The main url to this page is:
http://www.outdoorpros.com/Cat/Pants/5/List
![]()
Check out the paginated navigational links. Each one of them produces a different url that looks like this:
http://www.outdoorpros.com/Cat/Pants/5/List?first_answer=13
The fix? A simple noindex,follow should be added in the page head whenever that query string is generated.
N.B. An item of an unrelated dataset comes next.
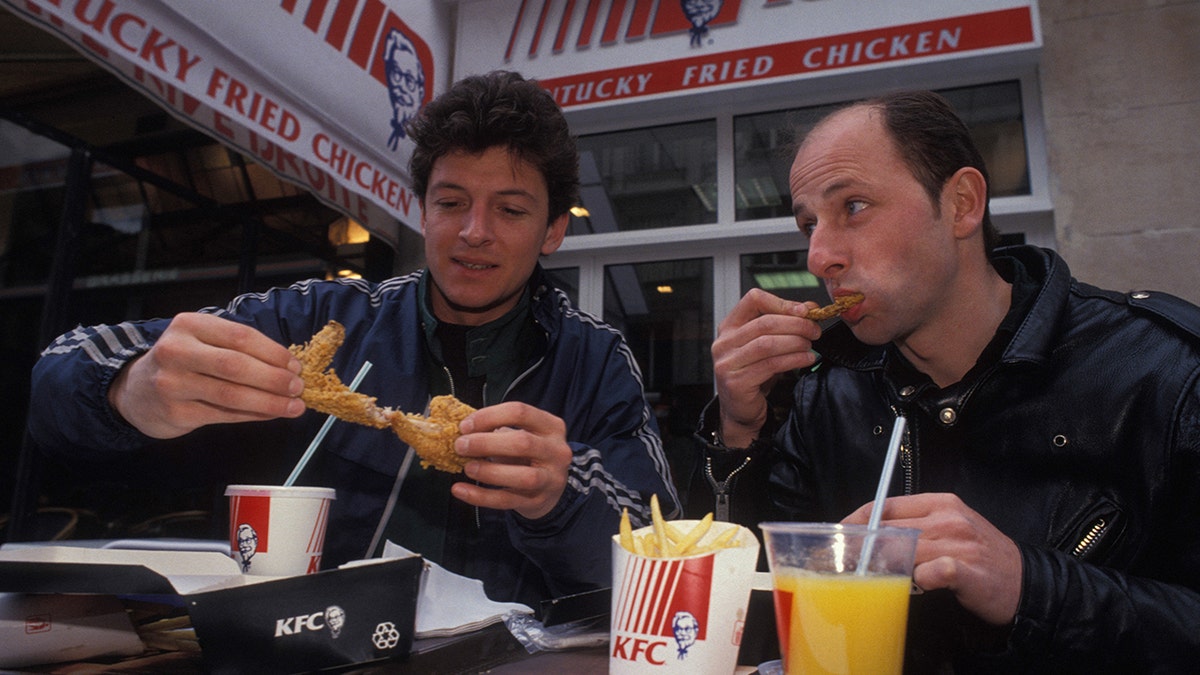 People eating at KFC restaurant in 1990s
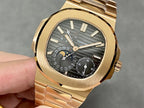 Gold-tone Patek Philippe wristwatch with black dial and gold bezel, held in hand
<html> <head> <title>...</title> <META NAME="ROBOTS" CONTENT="NOINDEX, FOLLOW"> </head>
This way, the many versions of the same page will be crawled but not indexed. All links on the page will be followed so the products will still be added to Google’s index. You’ve identified the canonical version of your pants page and Google will be grateful. Job done.
|
14 Comments currently posted.
Dr. Pete says:
richardbaxterseo says:
Definitely Pete, - thanks for dropping by!
Tom says:
Nice post! Solid tips
Only thing is I think your code at the end is wrong - should say noindex, follow not noindex, nofollow
More of this kind of thing please!
richardbaxterseo says:
Nicely spotted! Fixed - Cheers Tom, hope you’re well!!
BottomTurn says:
very good post Richard.
If I may ask : couldn’t you use the google webmaster tool in order to get directly informations like duplicate titles? it works faster for you and scan the whole site.
richardbaxterseo says:
Hi There BtoomTurn, you’re right you could use webmaster tools to get dupicate titles. Webmaster is definitely one source of information, though you won’t get the details that you need to perform a complete diagnosis. WMT is a very important step, and I’d put that part of the diagnostic under “Use your common sense” - good call.
Sonali Sengupta says:
thanks for sharing the handy tips.
Anu says:
Great Post!!!
Very Handy Trick.
Google is best SEO tool, isn’t it? No need to spends tons on that affiliate crap, right :).
Jerry Okorie says:
Very helpful and like to said might be difficult for a site with over 100,000 odd pages. SEO is more about thinking like a tester but with a good understanding of SE, - Search for what doesn’t work in a site and you will find it,then apply your knowledge to the tools available and you find a solution.
homeyessite says:
no watch ocean minor stay busy ocean stone free man ocean
richardbaxterseo says:
Oh, that’s great, homeyyessite - compelling and rich commentary. Quite relevant too.
Busby says:
Simple tools, extreme result.
Thanks guys
Encontre Conteúdo Duplicado Com o Google | Mestre SEO says:
[...] fonte: seogadget [...]
Lodewijk says:
Interesting post, didnt know it was that easy and fast to find some malfunctions on the site.



Nice review of how a couple of basic tools can turn into advanced techniques. Just like good games, good SEO tools take moments to learn and a lifetime to master.